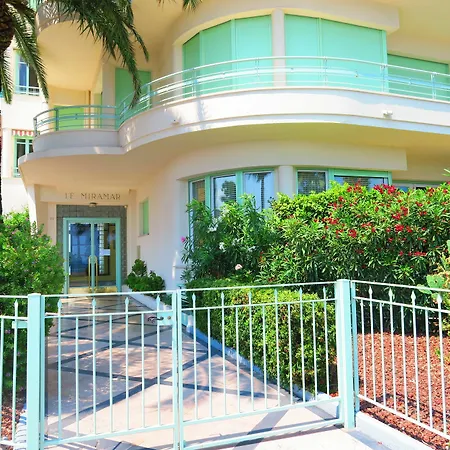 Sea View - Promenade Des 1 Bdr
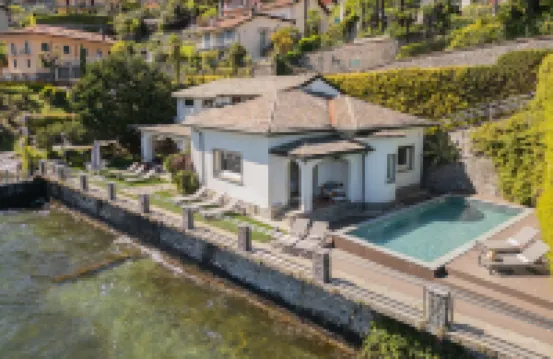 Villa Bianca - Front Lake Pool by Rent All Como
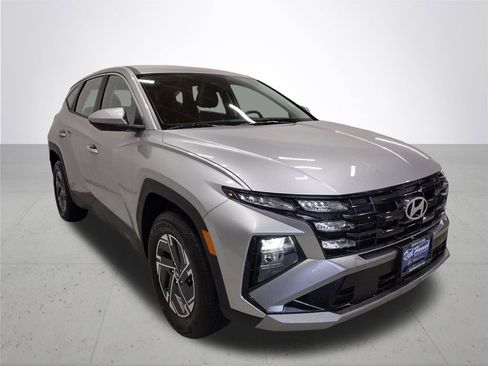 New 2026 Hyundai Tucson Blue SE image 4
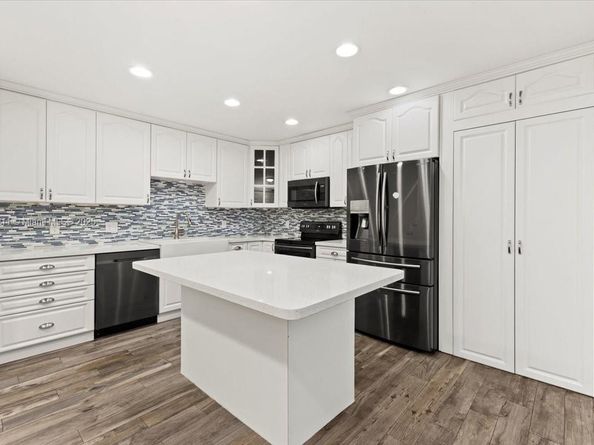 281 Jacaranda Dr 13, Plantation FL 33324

========

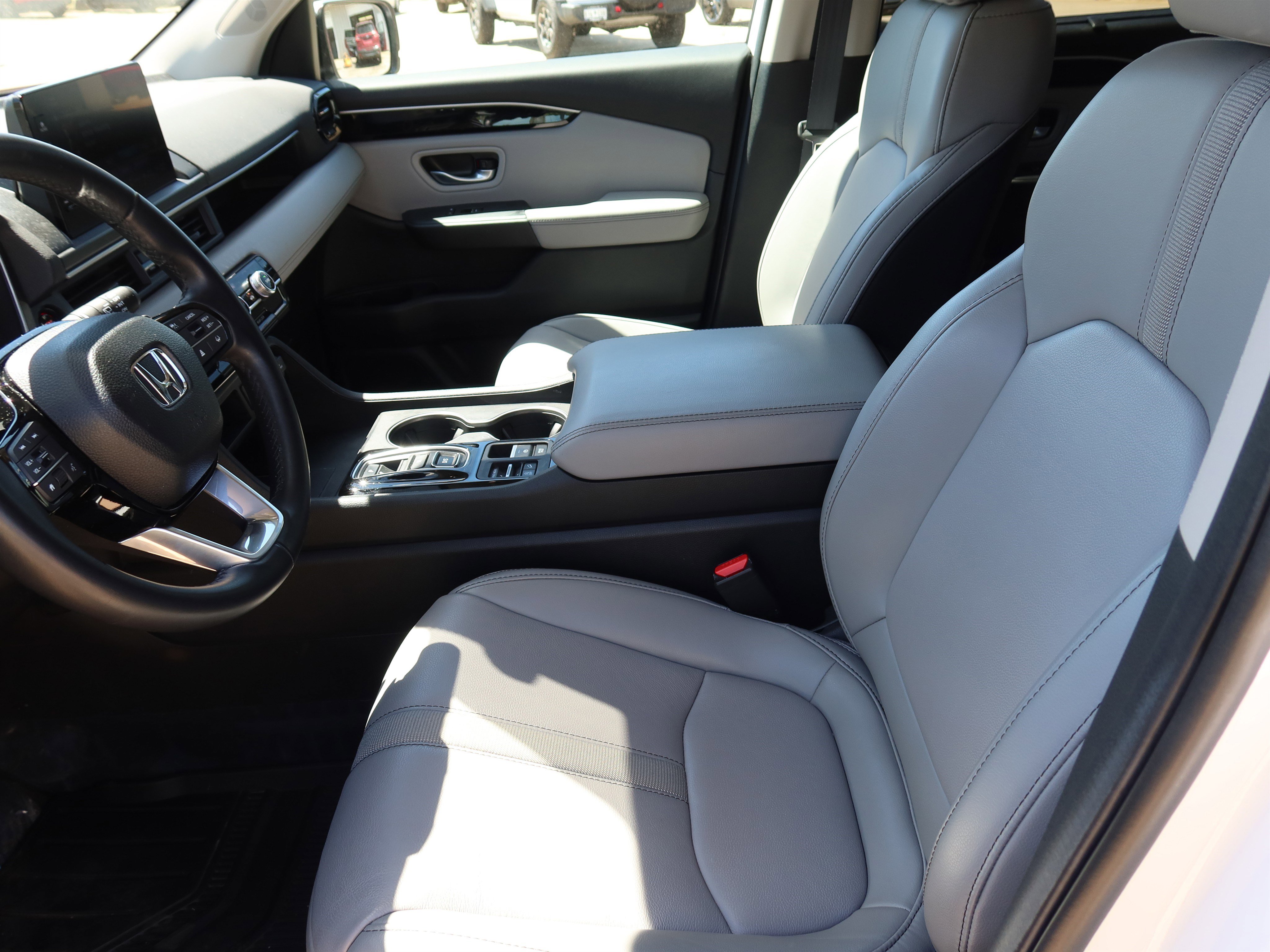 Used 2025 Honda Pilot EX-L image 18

========

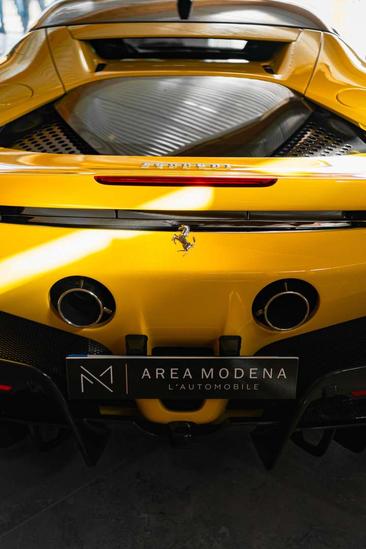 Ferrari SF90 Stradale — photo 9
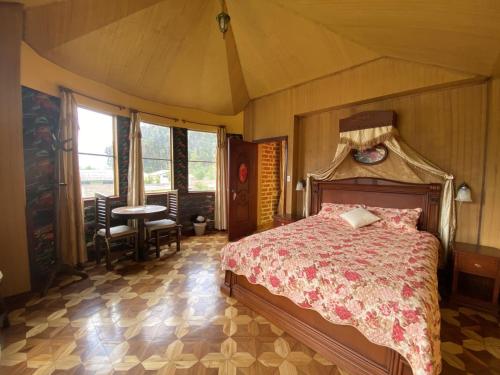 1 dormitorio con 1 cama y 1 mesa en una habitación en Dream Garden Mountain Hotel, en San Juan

========

From the records above, give again only the part that opens with the line containing "Ferrari SF90 Stradale — photo 9" and closes with the line containing "1 dormitorio con". Keep both ends but drop the pictures.

 Ferrari SF90 Stradale — photo 9
 1 dormitorio con 1 cama y 1 mesa en una habitación en Dream Garden Mountain Hotel, en San Juan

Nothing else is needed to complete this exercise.